COMMENT: Half of the megawatts in new power-generating capacity installed last year across the world were from renewable sources, the latest report by the Renewable Energy Policy Network for the 21st Century, known as REN21, tells us. Wind power installed more new capacity than any other renewable technology, and for the first time more wind power was installed in emerging markets than in its traditional heartlands.

This is good news. Having more renewables on the network will demonstrate their credibility and encourage the adoption of policies that are best suited to these energy sources. It will also force policymakers to put in place the right infrastructure to support their large-scale deployment.
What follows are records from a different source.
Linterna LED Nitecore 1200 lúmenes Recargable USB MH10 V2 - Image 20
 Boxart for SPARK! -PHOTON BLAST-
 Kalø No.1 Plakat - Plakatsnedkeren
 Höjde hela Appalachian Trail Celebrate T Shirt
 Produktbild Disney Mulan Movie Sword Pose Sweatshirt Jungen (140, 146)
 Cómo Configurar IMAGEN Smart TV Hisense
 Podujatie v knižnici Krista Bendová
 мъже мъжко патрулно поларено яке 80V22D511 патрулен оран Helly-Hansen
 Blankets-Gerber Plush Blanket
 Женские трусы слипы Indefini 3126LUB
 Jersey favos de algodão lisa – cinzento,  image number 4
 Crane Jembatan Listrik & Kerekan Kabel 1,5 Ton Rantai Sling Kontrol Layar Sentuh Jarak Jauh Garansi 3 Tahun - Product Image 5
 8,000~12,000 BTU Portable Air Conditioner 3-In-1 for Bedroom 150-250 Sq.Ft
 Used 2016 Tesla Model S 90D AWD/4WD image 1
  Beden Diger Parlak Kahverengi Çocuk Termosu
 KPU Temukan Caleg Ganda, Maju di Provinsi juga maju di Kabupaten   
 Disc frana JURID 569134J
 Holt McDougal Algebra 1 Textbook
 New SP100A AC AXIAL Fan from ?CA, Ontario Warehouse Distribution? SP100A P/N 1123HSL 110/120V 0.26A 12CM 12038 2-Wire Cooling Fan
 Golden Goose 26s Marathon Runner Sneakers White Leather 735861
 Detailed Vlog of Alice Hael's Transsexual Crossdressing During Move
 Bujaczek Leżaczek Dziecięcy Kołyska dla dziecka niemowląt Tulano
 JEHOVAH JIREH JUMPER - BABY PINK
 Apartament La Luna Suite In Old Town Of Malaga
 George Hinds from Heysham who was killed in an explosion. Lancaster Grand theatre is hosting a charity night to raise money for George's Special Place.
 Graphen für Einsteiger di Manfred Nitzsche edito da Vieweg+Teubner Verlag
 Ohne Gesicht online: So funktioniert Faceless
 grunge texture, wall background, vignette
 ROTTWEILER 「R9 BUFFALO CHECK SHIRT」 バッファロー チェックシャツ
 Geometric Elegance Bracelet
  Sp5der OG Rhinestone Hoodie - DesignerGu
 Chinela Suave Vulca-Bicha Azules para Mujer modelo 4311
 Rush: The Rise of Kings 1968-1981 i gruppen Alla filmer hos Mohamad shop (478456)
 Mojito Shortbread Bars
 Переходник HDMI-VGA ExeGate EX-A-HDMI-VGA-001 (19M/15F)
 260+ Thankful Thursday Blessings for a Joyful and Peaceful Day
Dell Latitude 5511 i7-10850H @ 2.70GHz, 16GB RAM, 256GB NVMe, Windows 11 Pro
The European Commission seems aware of this and is planning to spend an impressive €9.1 billion on energy infrastructure in the EU's budget for 2014-20 (see page 20).

A wider global distribution of wind power is also positive. It should lead to better public understanding — and acceptance — of the benefits of this clean energy source while providing more opportunities for the sector to grow and diversify. No industry has ever become truly successful over the long term without gaining a presence in a significant number of markets. Wind power is well on its way to reaching this crucial landmark.

But the overall picture is not uniformly rosy. Promising new markets such as South Africa are dogged by policy uncertainty and doubts about the nature and duration of any incentives for wind (see page 55). Large global companies will think long and hard about entering what is still an unfamiliar and worryingly unsteady environment.

As our article on wind investment by the oil and gas majors spells out (see page 43), renewable energy — and wind in particular — is still far from being the source of choice for large energy corporations. One of Europe's top-five electricity generators, Germany's RWE, is currently in talks with Russian gas giant Gazprom to find a way out of its home country's nuclear phase-out. One of RWE's aims is to boost its balance sheet so it can expand its renewable-energy operations. But meanwhile it is cheap gas it is turning to, though its price is rising and may continue to do so.

On the good news front, France is finally looking serious about seeking alternatives to its near-complete reliance on nuclear power and has now launched a long-delayed tender for 3GW of offshore wind power. Another 3GW should become available next spring.

A crucial factor for renewables to clinch the deal over other energy sources is often their ability to boost long-term employment. With job markets still depressed in both Europe and the US, any industry that promises to deliver thousands of long-term direct jobs and an even larger number of indirect ones is certain to strike a chord with politicians. Unfortunately, the job-growth agenda can also make wind power more expensive than it needs to be.

In the UK, much-awaited government proposals to reform the electricity market have now been released. They are supportive of renewables but nuclear power too (see page 17). Job creation will again play an important part in how things shape up. As it grows into a mature technology with an established presence in many markets, wind power will have to compete on equal terms with other energy sources — green or otherwise — if it is to attract the political, public and financial support it needs to prosper.